SOC 2 has become table stakes for selling into enterprises. As a VP of Engineering or CTO, you own many of the controls that auditors test. Treating SOC 2 as "someone else's job" creates last-minute fire drills and audit findings. The best approach is to own your controls explicitly, design them into how you build and operate, and generate evidence as a byproduct of normal work rather than as a separate compliance project.
Why engineering owns SOC 2
The Trust Services Criteria map directly to technical systems: access control (CC6.1), change management (CC8.1), monitoring (CC7.1), and logical access (CC6.2). Infra, platform, and security engineering implement and evidence these controls daily. When an auditor asks for proof that you review access quarterly, they want to see reports from your IdP or access system, not a spreadsheet maintained by compliance. When they ask about change management, they want to see pipeline logs, approval workflows, and rollback capability. Your systems are the source of truth; engineering owns those systems.
Partner with security and compliance to map each criterion to an owner and to systems. Who owns access reviews? Who owns change management evidence? Who owns incident response documentation? Get that on paper and socialize it so that when audit prep starts, there's no scramble to figure out who has what. Build a control matrix that your team can maintain and that auditors can follow.
Type I vs. Type II
Type I is a point-in-time snapshot of control design. Type II is the one that matters for enterprise sales: auditors test operating effectiveness over a period (e.g., 6–12 months). You need durable processes and evidence-not one-off documentation. That means your access review process runs every quarter, your change pipeline is used for every deploy, and your incident process is followed for every incident. Auditors will sample evidence across the period; if you only started doing things "the right way" last month, you'll have gaps.
Plan for the audit period. Know when your Type II period starts and ends, and ensure that from day one you're generating and retaining the evidence you'll need. Work with your auditor or compliance team to understand exactly what they'll sample (e.g., 25 access reviews, 20 change records, 5 incidents) so you can ensure your systems produce that evidence consistently.
Controls technical leaders typically own
Access reviews and least privilege (IAM, RBAC, offboarding); change management (deploy pipelines, approvals, rollback); monitoring and incident response (alerting, runbooks, post-incident reviews); and vulnerability and patch management.
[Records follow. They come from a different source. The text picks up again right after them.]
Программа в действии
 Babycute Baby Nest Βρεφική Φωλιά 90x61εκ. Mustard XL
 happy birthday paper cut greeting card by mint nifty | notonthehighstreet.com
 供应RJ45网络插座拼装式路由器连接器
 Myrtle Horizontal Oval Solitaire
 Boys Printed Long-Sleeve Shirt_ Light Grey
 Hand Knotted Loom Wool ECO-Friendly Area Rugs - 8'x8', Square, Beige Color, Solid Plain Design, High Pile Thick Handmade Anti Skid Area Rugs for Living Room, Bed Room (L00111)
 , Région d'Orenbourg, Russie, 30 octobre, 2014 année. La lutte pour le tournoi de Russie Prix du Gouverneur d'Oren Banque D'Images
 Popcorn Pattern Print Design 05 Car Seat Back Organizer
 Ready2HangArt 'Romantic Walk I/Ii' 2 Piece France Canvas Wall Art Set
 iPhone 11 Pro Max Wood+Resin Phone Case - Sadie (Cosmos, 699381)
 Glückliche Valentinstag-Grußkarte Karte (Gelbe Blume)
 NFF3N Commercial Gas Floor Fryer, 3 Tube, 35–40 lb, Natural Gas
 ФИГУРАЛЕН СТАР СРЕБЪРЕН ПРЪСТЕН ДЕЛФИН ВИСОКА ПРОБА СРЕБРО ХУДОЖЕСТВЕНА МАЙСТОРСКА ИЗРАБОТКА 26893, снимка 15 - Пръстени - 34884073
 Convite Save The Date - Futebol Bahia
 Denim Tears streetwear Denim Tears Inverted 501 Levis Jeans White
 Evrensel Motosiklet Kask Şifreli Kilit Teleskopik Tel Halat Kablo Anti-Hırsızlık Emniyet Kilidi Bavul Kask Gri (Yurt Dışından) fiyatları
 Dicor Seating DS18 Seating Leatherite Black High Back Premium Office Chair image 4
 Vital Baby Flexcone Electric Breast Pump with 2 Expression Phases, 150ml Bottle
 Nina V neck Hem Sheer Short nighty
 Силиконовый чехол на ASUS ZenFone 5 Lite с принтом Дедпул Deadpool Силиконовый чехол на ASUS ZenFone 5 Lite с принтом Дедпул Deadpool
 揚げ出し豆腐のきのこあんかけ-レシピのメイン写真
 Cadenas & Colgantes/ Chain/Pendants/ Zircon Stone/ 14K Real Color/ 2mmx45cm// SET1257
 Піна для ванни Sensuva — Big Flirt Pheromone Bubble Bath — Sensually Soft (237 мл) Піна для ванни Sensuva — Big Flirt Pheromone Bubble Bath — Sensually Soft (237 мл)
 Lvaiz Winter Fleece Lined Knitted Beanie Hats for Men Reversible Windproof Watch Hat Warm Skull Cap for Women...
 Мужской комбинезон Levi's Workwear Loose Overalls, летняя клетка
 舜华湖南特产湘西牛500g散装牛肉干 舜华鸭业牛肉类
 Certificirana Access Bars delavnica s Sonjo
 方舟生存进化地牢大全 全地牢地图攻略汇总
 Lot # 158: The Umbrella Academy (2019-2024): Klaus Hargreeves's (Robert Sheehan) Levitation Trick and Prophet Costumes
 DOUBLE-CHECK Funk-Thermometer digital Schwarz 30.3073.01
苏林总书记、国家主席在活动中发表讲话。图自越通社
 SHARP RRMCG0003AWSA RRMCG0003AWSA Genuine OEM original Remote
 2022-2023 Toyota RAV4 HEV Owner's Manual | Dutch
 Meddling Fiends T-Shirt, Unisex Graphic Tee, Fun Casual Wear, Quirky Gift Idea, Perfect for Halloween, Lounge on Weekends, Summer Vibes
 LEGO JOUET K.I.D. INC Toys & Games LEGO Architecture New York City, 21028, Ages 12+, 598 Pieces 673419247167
Partner with security and compliance early; embed control requirements in platform and tooling so evidence is automatic. For example, access reviews should be run from your IdP or IAM system, not in a spreadsheet. Change evidence should come from your CI/CD and ticketing system. Incident evidence should come from your incident tool and postmortem templates.
Automate where you can. The less manual work required to produce evidence, the more likely it will happen on schedule and the less burden on the team. Use runbooks, playbooks, and automated reports so that "evidence collection" is just "doing the job." When you add a new control or system, ask: how will we evidence this for audit? Design that in from the start.
SOC 2 readiness is a product of how you build and operate, not a project you run once. Design controls into your SDLC and ops from day one.